** The records **

==*==

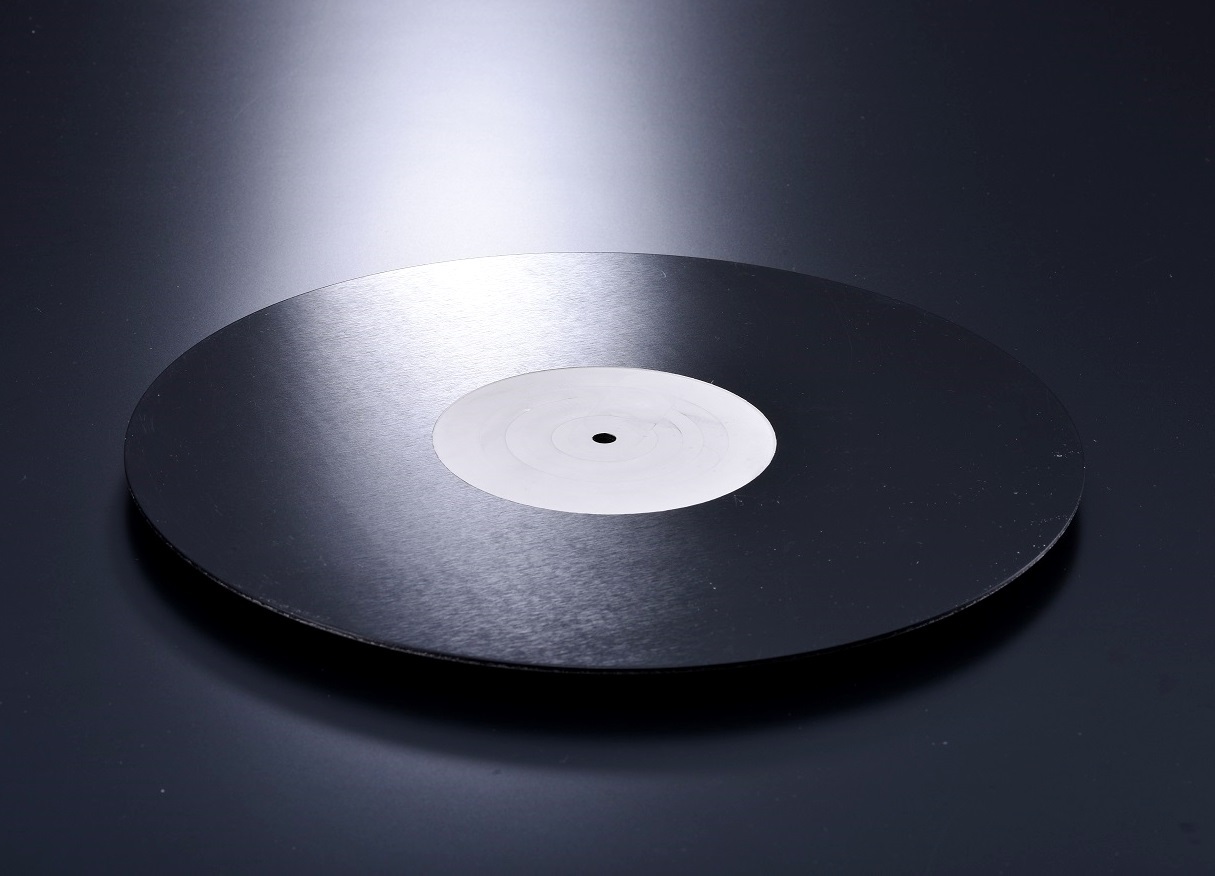 Aska アスカオーディオ／Mg Platter Sheet ターンテーブルマット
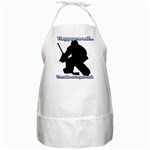 Well Paid BBQ Apron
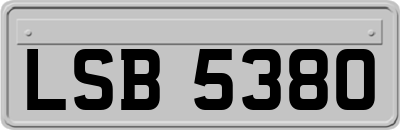 LSB5380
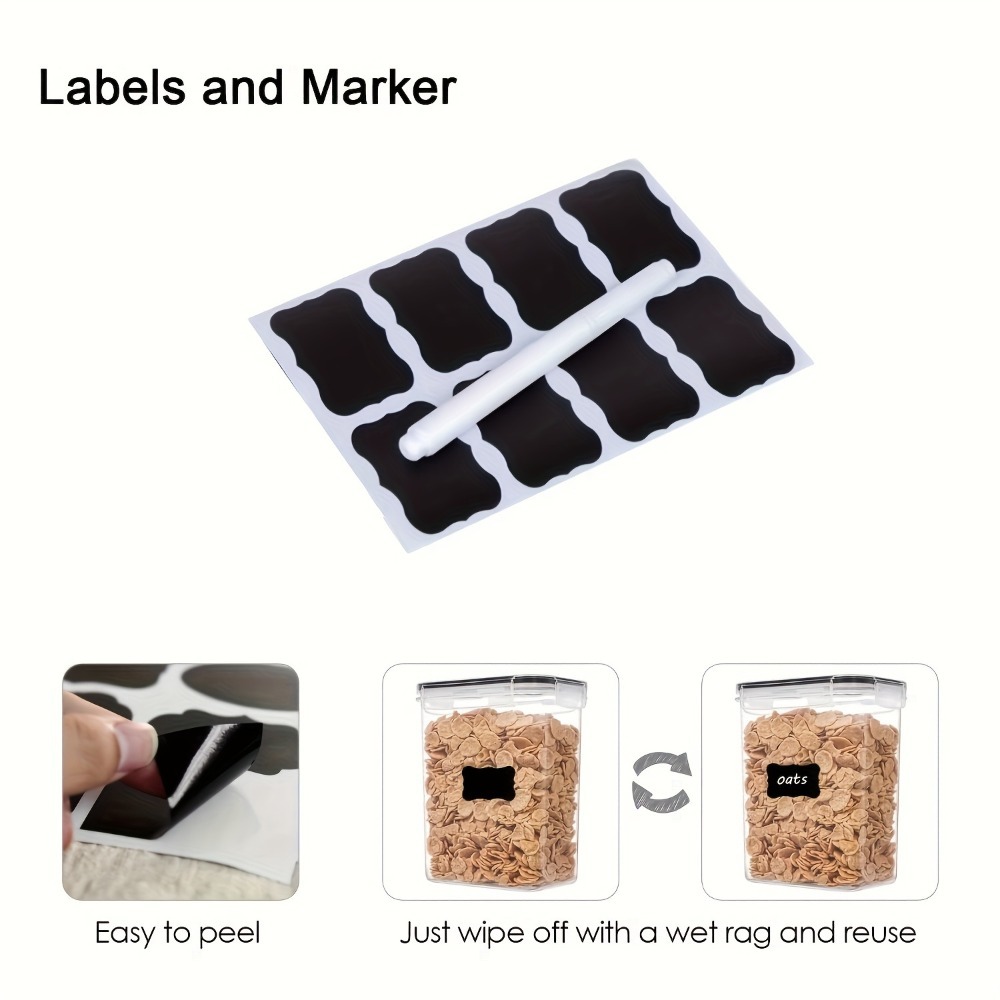 24 Buah Wadah Penyimpanan Maka - Food Storage Box Set ulasan dan harga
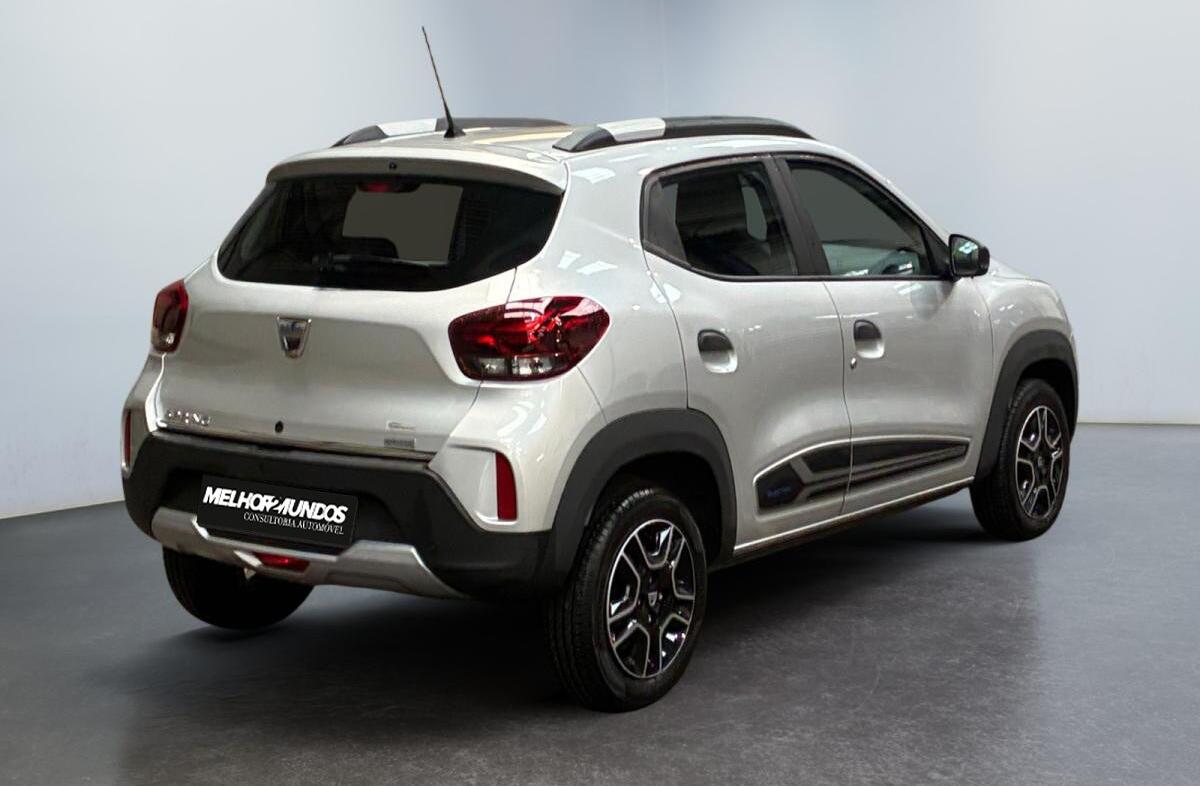 DACIA Spring Electric 45 Comfort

==*==

For every entry above, write it out exactly and remove any image.

 Aska アスカオーディオ／Mg Platter Sheet ターンテーブルマット
 Well Paid BBQ Apron
 LSB5380
 24 Buah Wadah Penyimpanan Maka - Food Storage Box Set ulasan dan harga
 DACIA Spring Electric 45 Comfort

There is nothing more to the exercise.